[What you will do]:
Retype the listing exactly. Leave out the images.

[Dataset section]:
*** Begin section ***
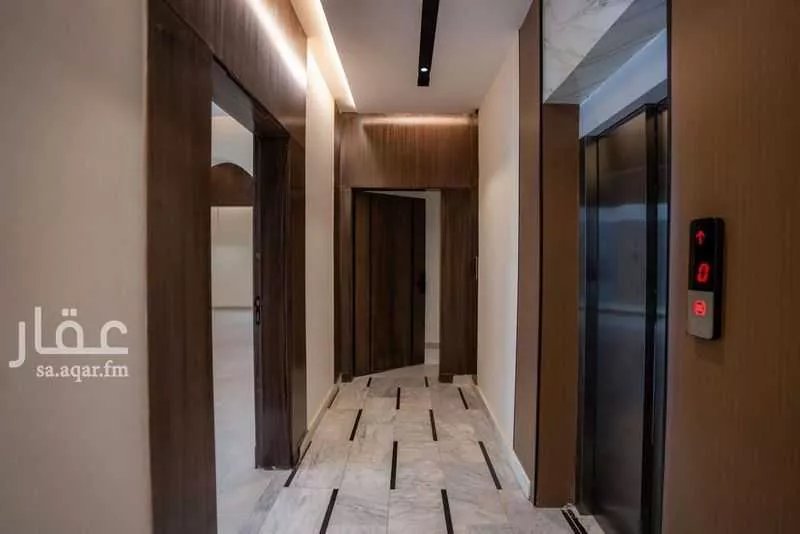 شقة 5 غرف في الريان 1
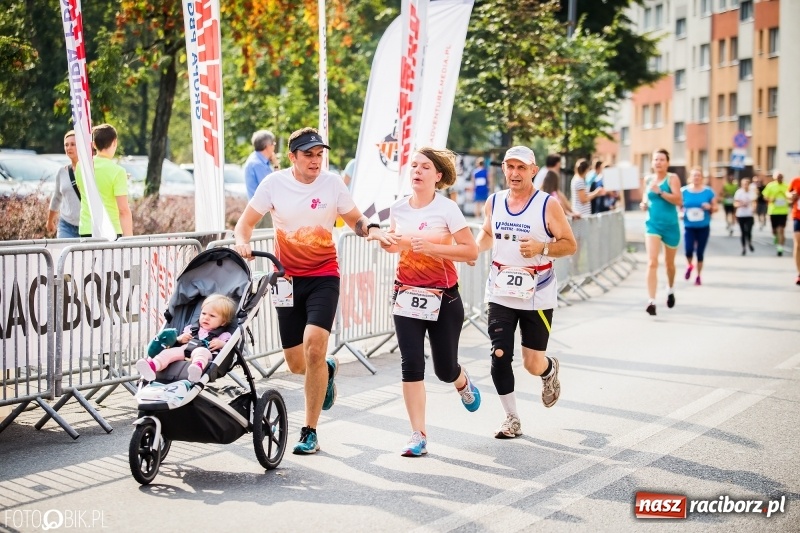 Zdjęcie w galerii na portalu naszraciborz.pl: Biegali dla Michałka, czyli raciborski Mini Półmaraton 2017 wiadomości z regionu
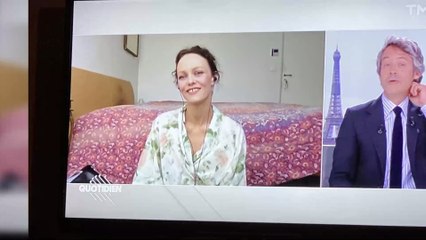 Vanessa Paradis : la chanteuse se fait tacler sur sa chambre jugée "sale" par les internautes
*** End section ***
[Response area]:
 شقة 5 غرف في الريان 1
 Zdjęcie w galerii na portalu naszraciborz.pl: Biegali dla Michałka, czyli raciborski Mini Półmaraton 2017 wiadomości z regionu
 Vanessa Paradis : la chanteuse se fait tacler sur sa chambre jugée "sale" par les internautes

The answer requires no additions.